--- Material provided ---
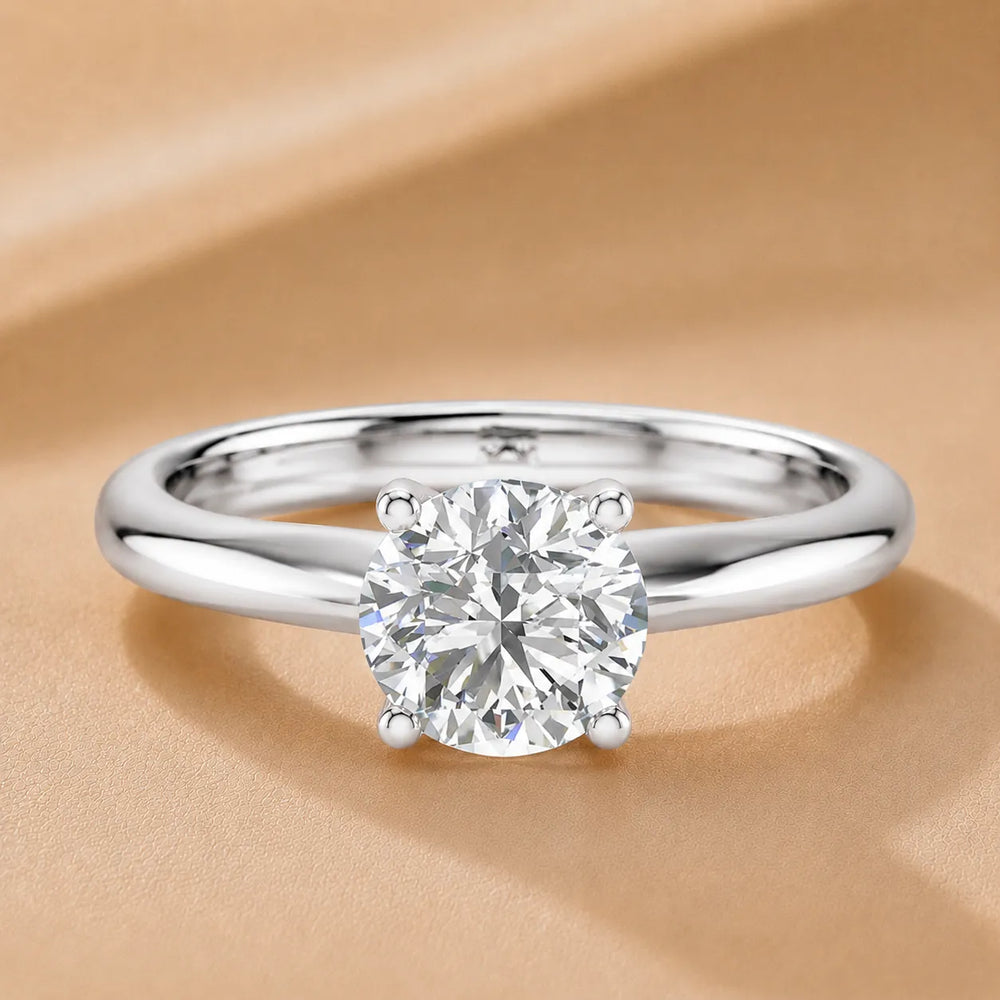 Romantic Solitaire Ring with Elegant Prong Setting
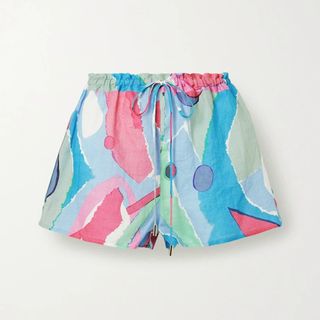 Cult Gaia + Sissi Printed Linen Shorts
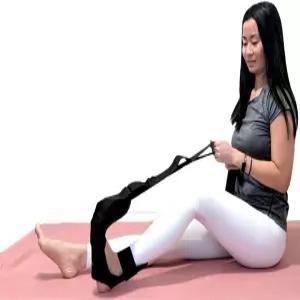 야그주 발 및 종아리 스트레칭 - 아킬레스건염 뒤꿈치 스퍼스 드롭 햄스트링용 스트랩 다리 스트레칭기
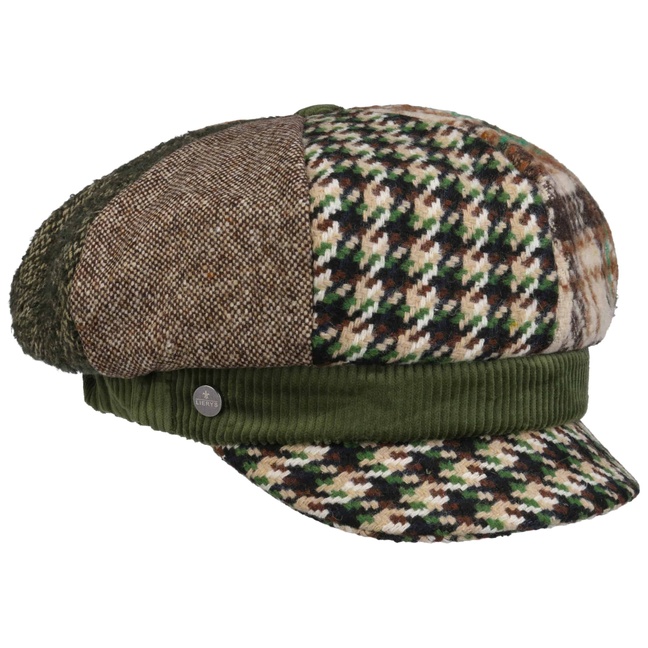 Lierys Casquette Gavroche Cosiella Patchwork Femme - Made In Italy Laine Automne Hiver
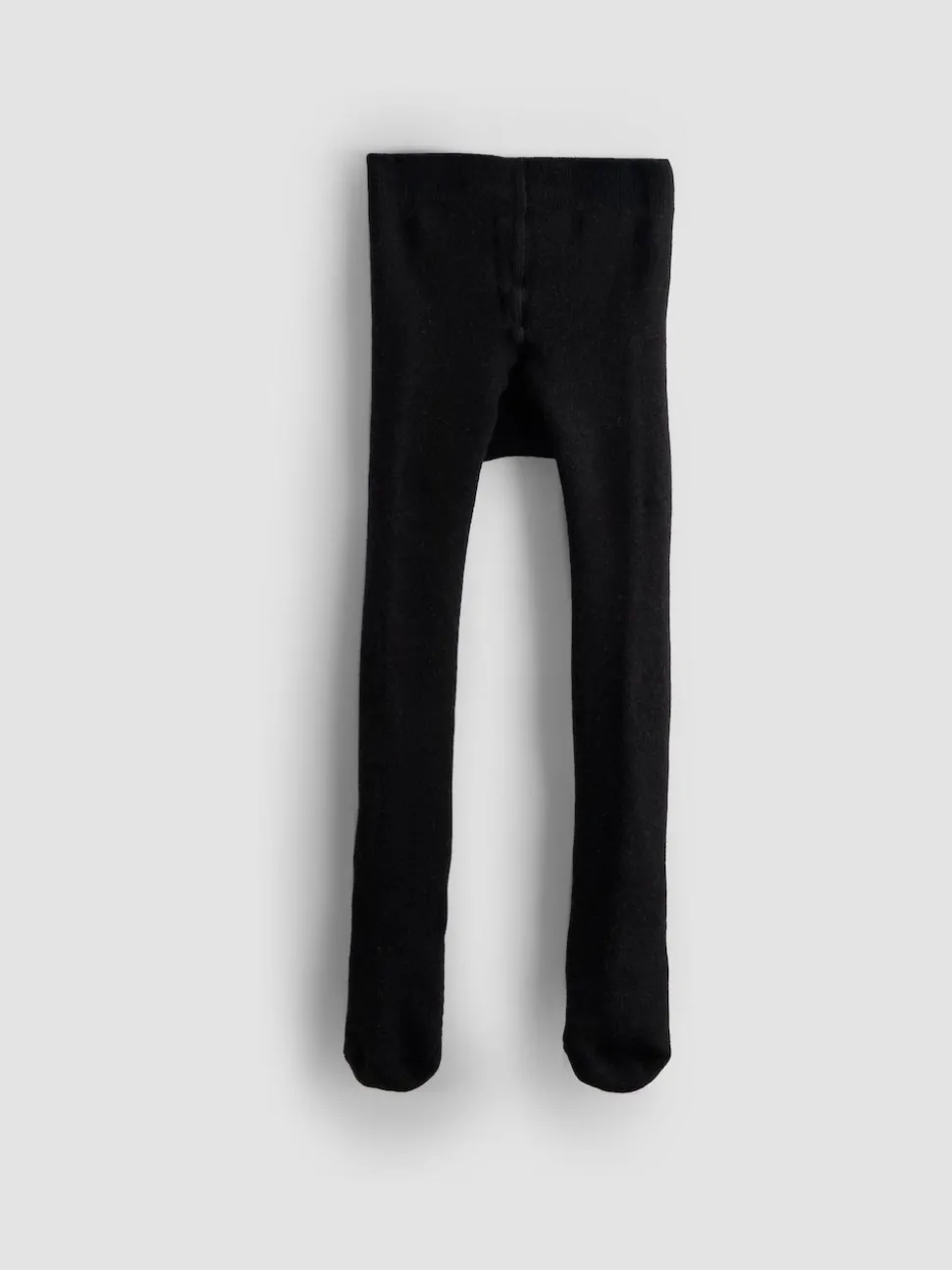 JoJo Maman Bébé Black Cotton Rich Extra Thick Tights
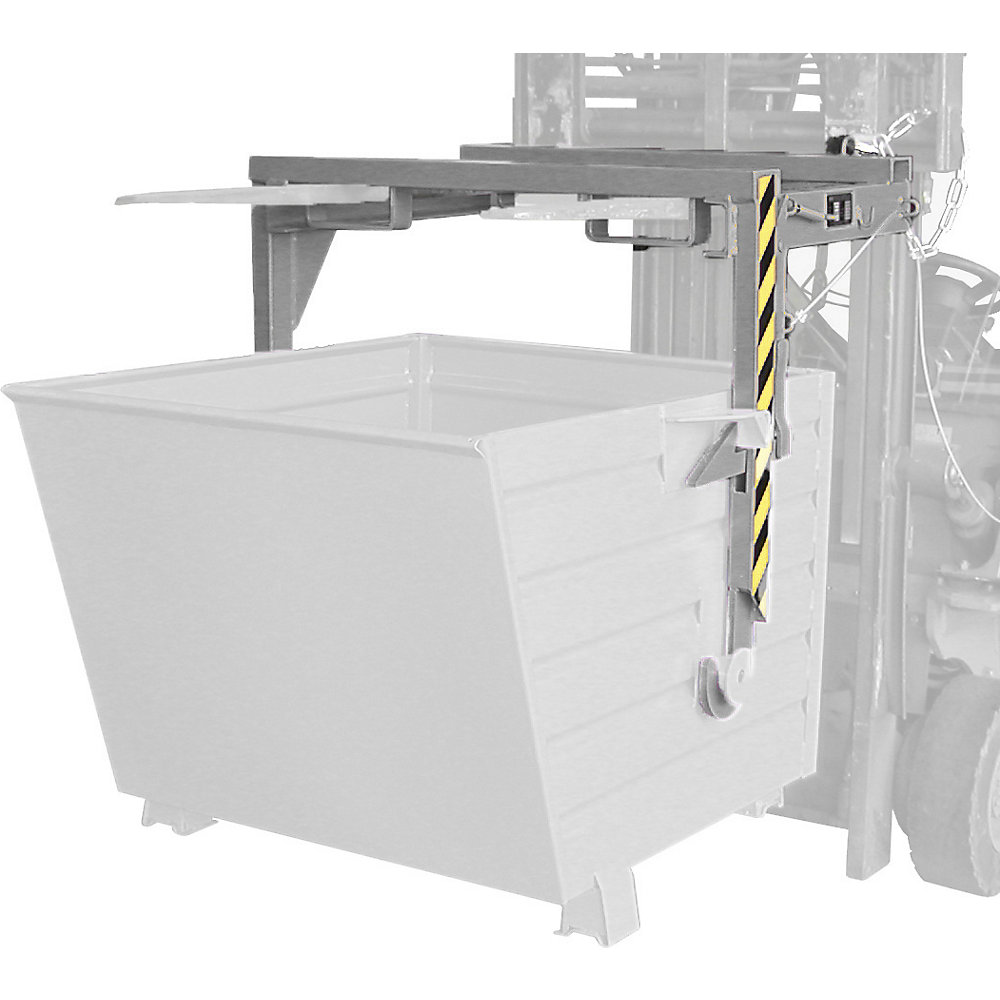 Stapler-Traverse zu Kipp- und Stapelbehälter, nicht kranbar, Traglast 1500 kg, für Behältergröße 0,7 m³ eurokraft pro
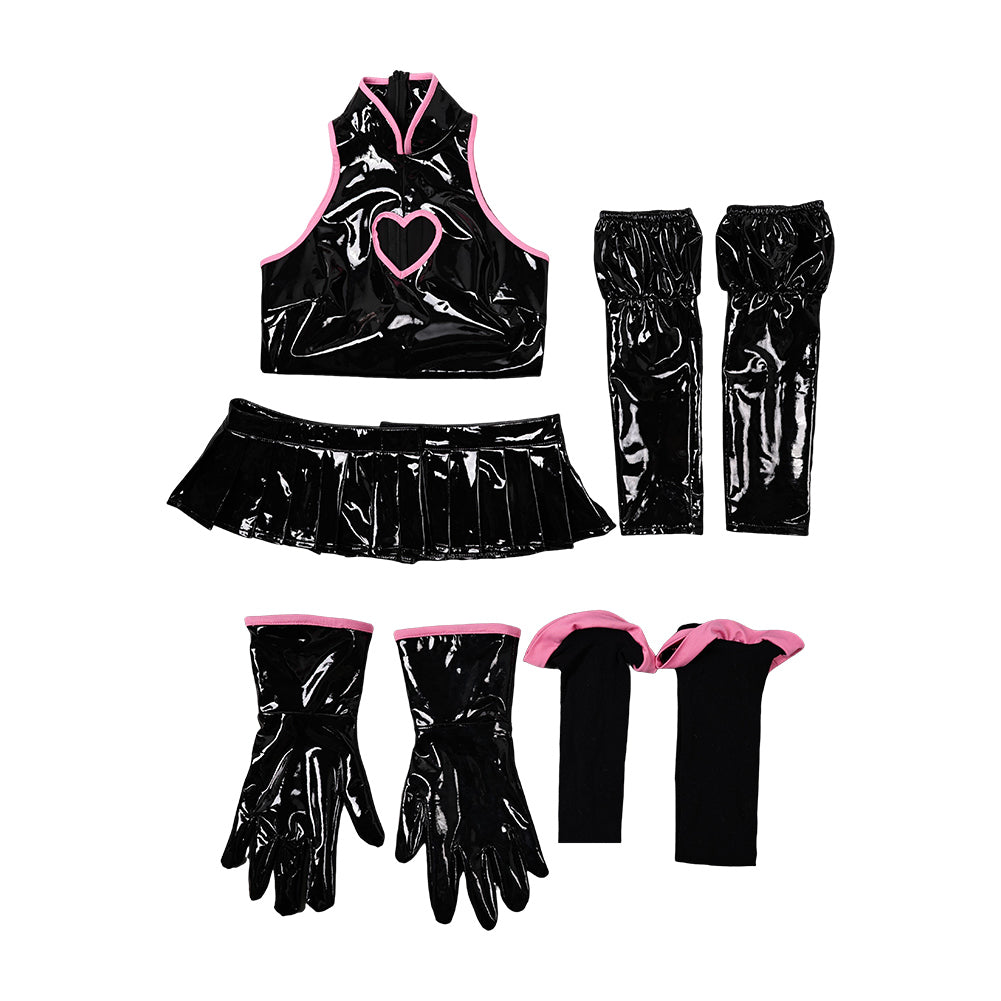 Femme Lingerie Noir Sexy Costume pour Halloween Carnaval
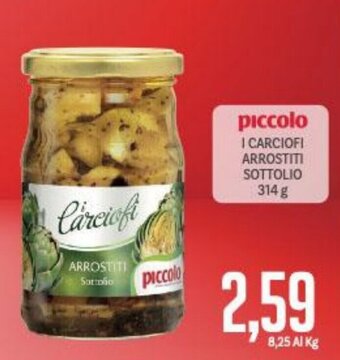 Piccolo I Carciofi Arrostiti Sottolio 314 g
---
From the line with "Stapler-Traverse zu Kipp- und" to the last line of the material, both inclusive, set down every line exactly and nothing else; omit pictures.

> _Result of the task_:
 Stapler-Traverse zu Kipp- und Stapelbehälter, nicht kranbar, Traglast 1500 kg, für Behältergröße 0,7 m³ eurokraft pro
 Femme Lingerie Noir Sexy Costume pour Halloween Carnaval
 Piccolo I Carciofi Arrostiti Sottolio 314 g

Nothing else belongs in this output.